Tekad dan semangat Rafa yang diusia  6 tahun sudah ambil bagian dalam kompetisi ini mendapat jempol Asisten II H. Heri Indra Putra, Kasat Lantas Polres Bengkalis  AKP.  Rachmad C Yusuf, anggota DPRD Bengkalis Dapil Pinggir, Pipit Lestary dan Ketua Panitia Afriyandi yang turun menyambangi para pembalap cilik sebelum start. Keempatya memberi jempol untuk Rafa.

“Siapa namanya, asal mana,” ujar Pipit antusias.

Tak mau kalah Heri Indra Putra juga tertawa menyalami bocah itu. Sementara Kasat Lantas sambil guyon berpesan agar Rafa tidak balap ke jalan.

“Jangan balap di jalan ya,” guyon Kasat sembari ditimpali bapak Raffa kalau dia turun mengunakan motor matic.

Tak kalah serunya, ketika para pejabat ini menyambangi Riski Hara yang berumur 10 tahun.
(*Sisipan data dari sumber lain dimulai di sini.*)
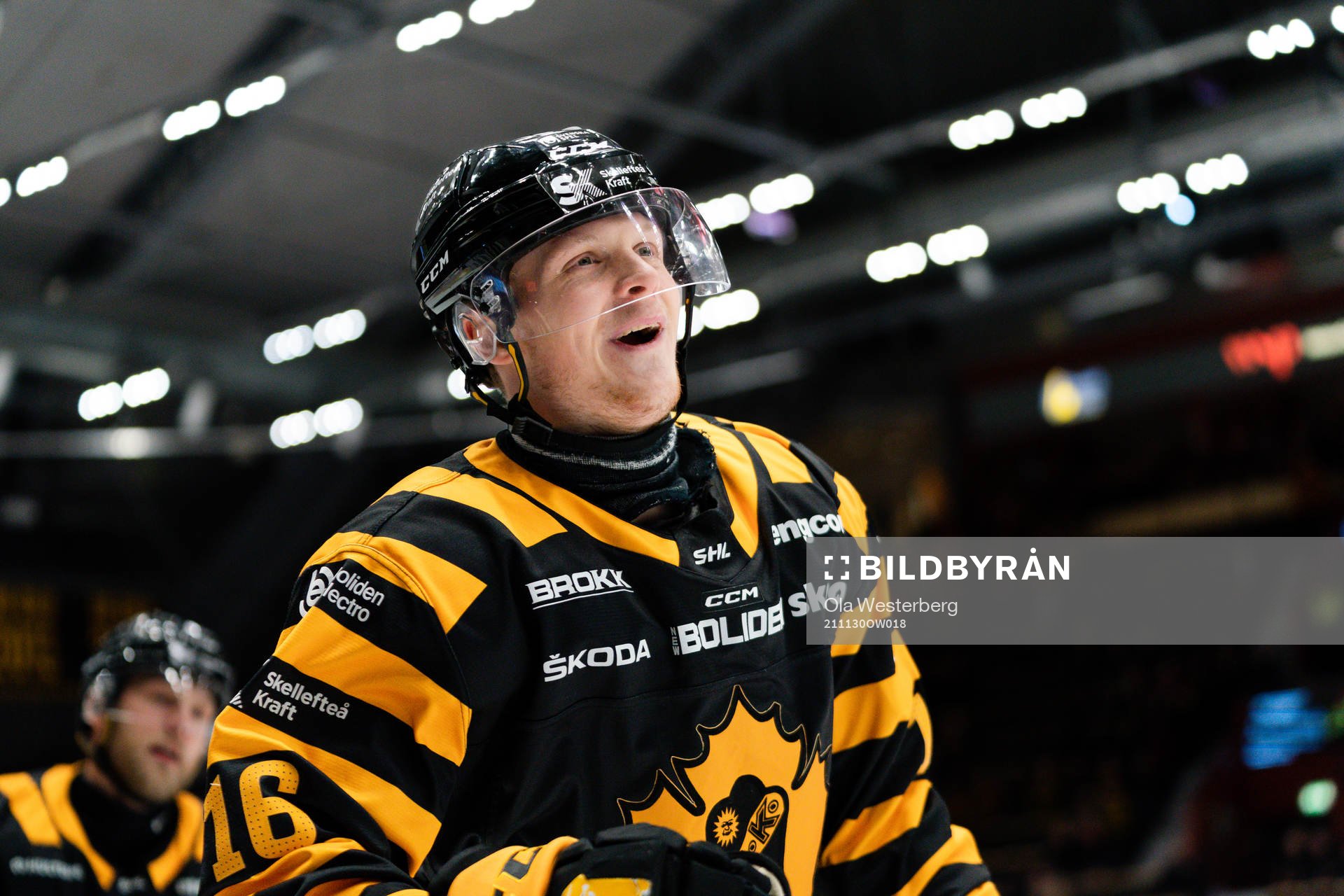 Skellefteås Linus Lindström jublar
Riski merupakan pembalap nasional yang sudah beberapa kali memenangi even. Pelajar asal Pekanbaru yang duduk di bangku SD kelas 4 ini juga bertekad memenangi motocros di Duri ini.
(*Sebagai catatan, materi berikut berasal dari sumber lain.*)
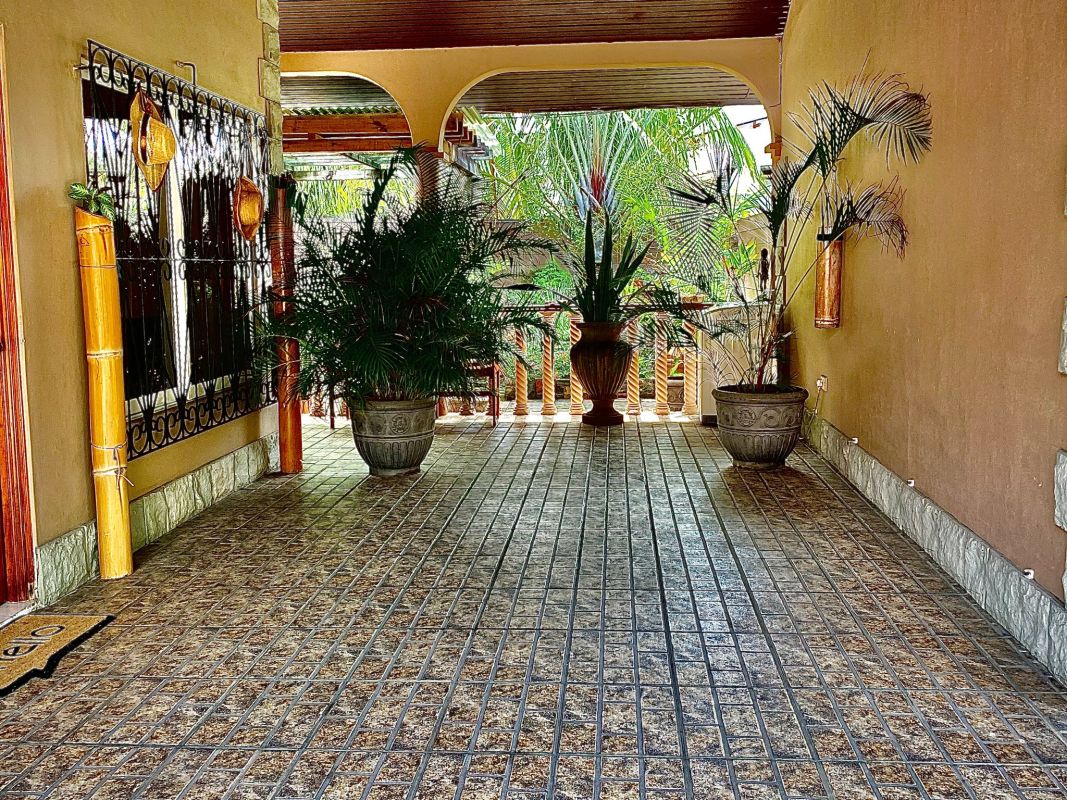 Effie’s Mountain View villas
“Tekadnya menang,” ujar Riski malu-malu.

Sementara itu Ketua panitia Afriyandi menjelaskan di Bluezzuk Motocros dan Grasstrack Open 2017 ada 4 pembalap nasional yang ambil bagian. Diantaranya Riski Hara si pembalap cilik dan 3 lainnya Andre Sondak, Safana Oki,  Akbar Tofan. Kehadiran tiga pembalap nasional ini diharapkan bisa memotivasi peserta lain yang berasal dari Jawa dan Sumatera ini. (susi)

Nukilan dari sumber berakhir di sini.